---- DATA SHOWN
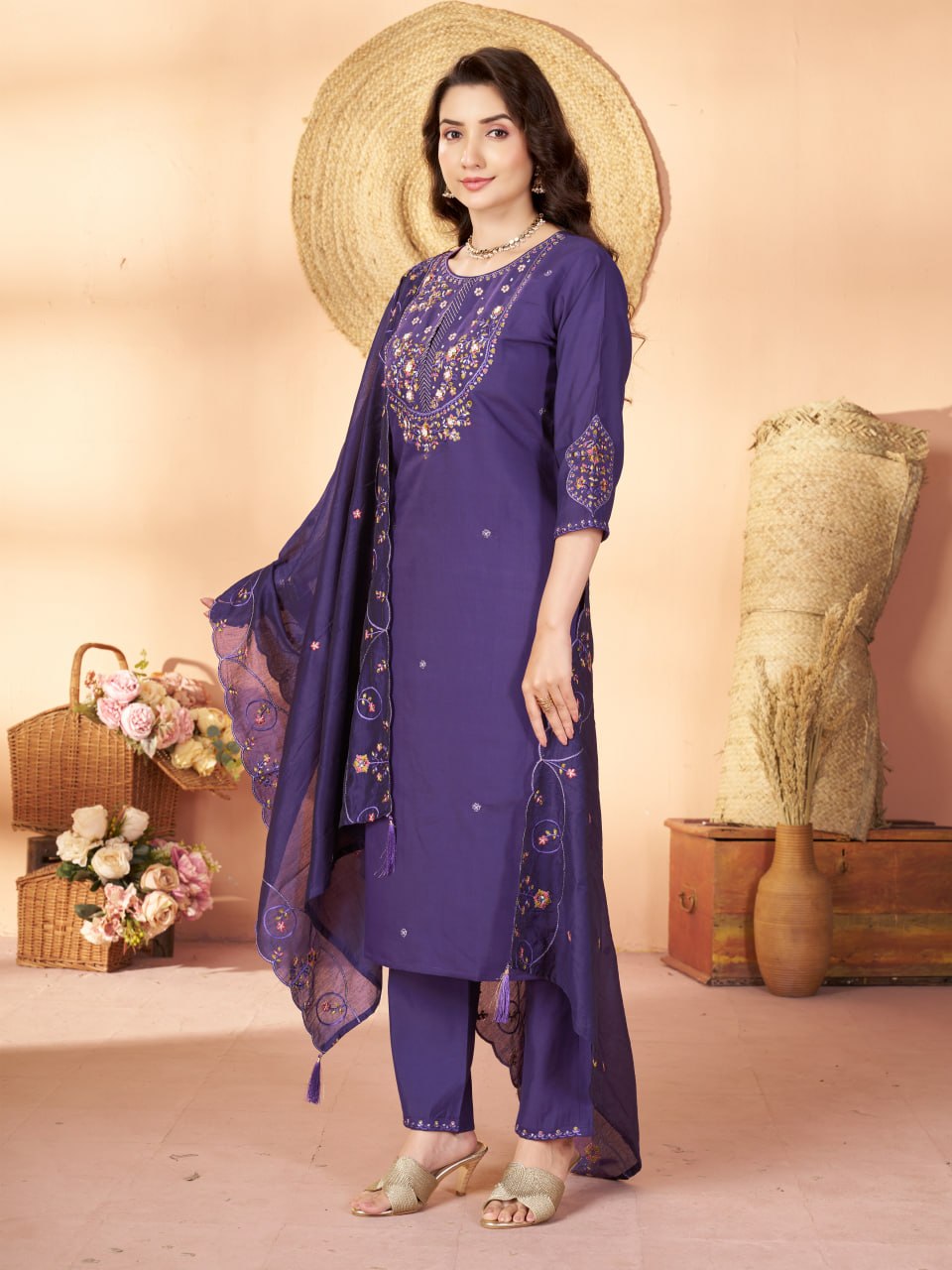 PREMIUM-FERTIGANZUG-SET AUS ANARKALI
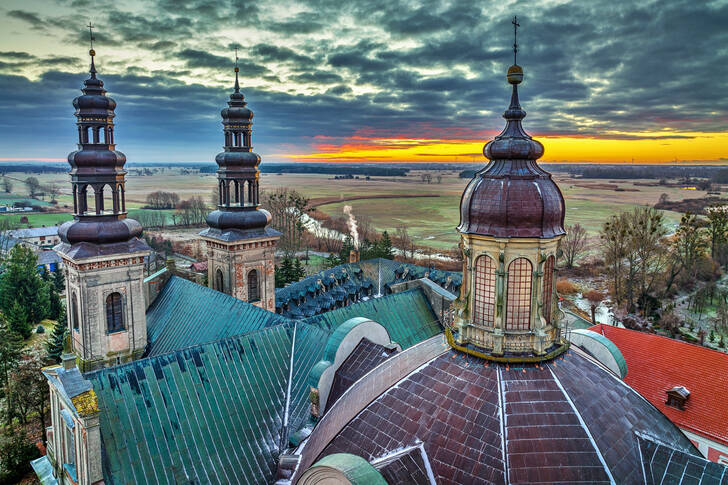 Cúpulas da abadia em Ląd, Polónia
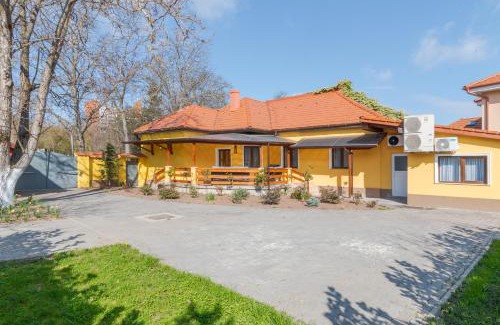 Baile Felix House | Thermalis Grove Entire House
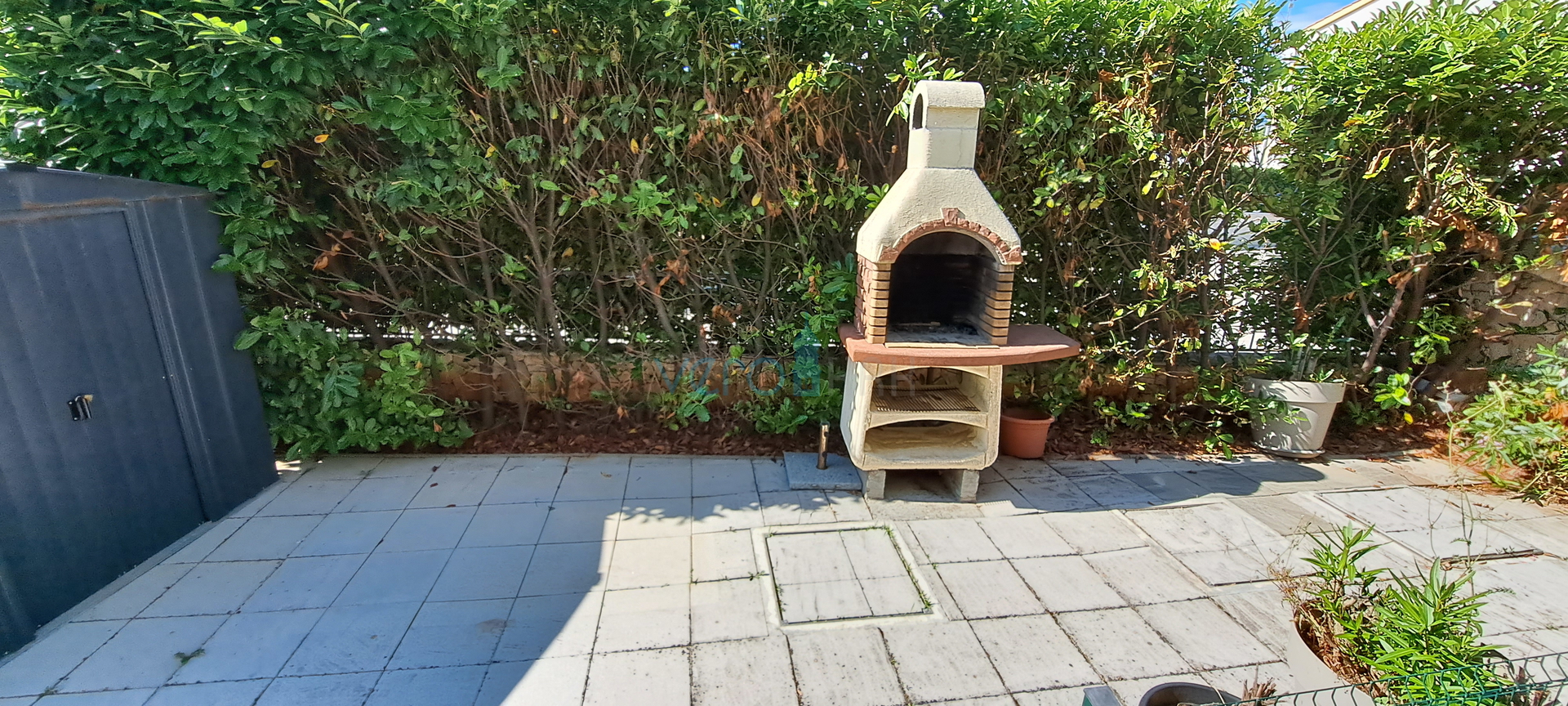 Uvala Soline, otok Krk, dvoetažni stan 89 m2 sa pogledom na more i okućnicom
--------
Would you set down each line of the data exactly, with no images included?

 PREMIUM-FERTIGANZUG-SET AUS ANARKALI
 Cúpulas da abadia em Ląd, Polónia
 Baile Felix House | Thermalis Grove Entire House
 Uvala Soline, otok Krk, dvoetažni stan 89 m2 sa pogledom na more i okućnicom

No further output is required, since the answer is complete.